Where this blows up is when the BoJ interest rates rise and make that trade not profitable. This is similar to how Microstrategy buys bitcoin. If they can get cheap money and bitcoin keeps going up, they can keep leveraging and buying. If bitcoin falls or they can't get a favorable loan, the whole company implodes. They're already leveraged to the tits via loans based on the future value of their stock price, which is collapsing. If they're forced to sell bitcoin, it's not going to the moon, it's going to hell. Unlike something physical like metals or a company, there's no underlaying asset to fall back on. A bankrupt business will still have value left from real estate, equipment, patents, etc. Bitcoin is 1s and 0s.
Thanks for this:
I never knew that - I thought bonds were all like the EE series...

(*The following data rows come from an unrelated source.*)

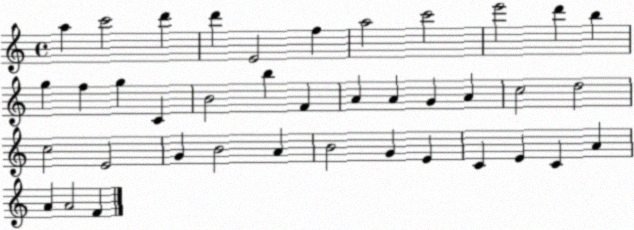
X:1
T:Untitled
M:4/4
L:1/4
K:C
a c'2 d' d' E2 f a2 c'2 e'2 d' b g f g C B2 b F A A G A c2 d2 c2 E2 G B2 A B2 G E C E C A A A2 F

Money is debt and shows up on the balance sheet as a liability. A T bill is an asset. An asset can be borrowed against. These are just hypothetical numbers. You buy $100,000k worth of BoJ treasuries, now you have $100,000 in assets at 0% interest. Now you use those as collateral for a loan...say 10 to 1 and buy $1mil of US T bills at 4%. If your interest rate is 2%, you net 2% interest on $1mil. And now because you have $1mil in US T bills (assets), you can borrow against that.

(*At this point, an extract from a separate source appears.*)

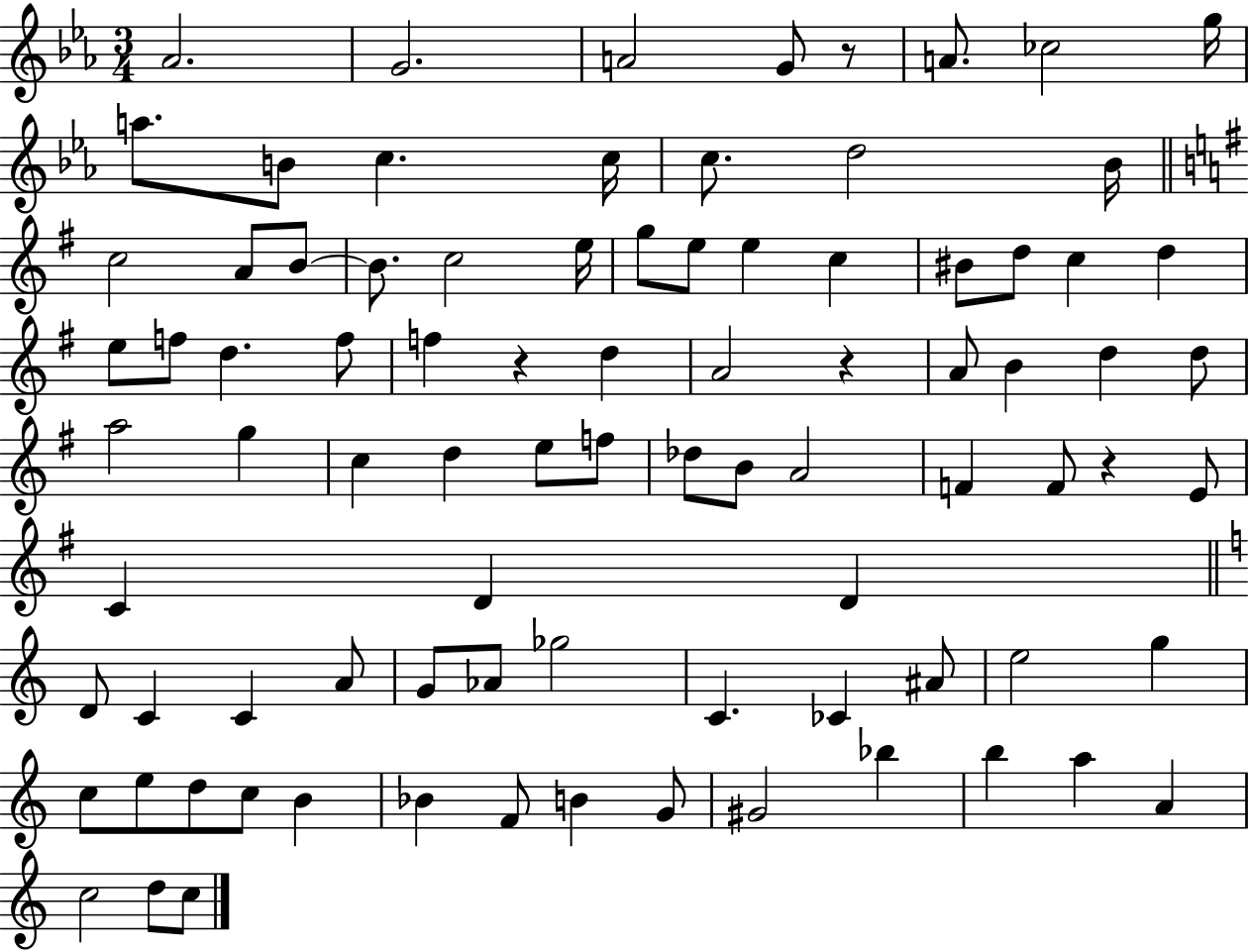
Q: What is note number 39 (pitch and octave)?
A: D5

Where this blows up is when the BoJ interest rates rise and make that trade not profitable. This is similar to how Microstrategy buys bitcoin. If they can get cheap money and bitcoin keeps going up, they can keep leveraging and buying. If bitcoin falls or they can't get a favorable loan, the whole company implodes. They're already leveraged to the tits via loans based on the future value of their stock price, which is collapsing. If they're forced to sell bitcoin, it's not going to the moon, it's going to hell. Unlike something physical like metals or a company, there's no underlaying asset to fall back on. A bankrupt business will still have value left from real estate, equipment, patents, etc. Bitcoin is 1s and 0s.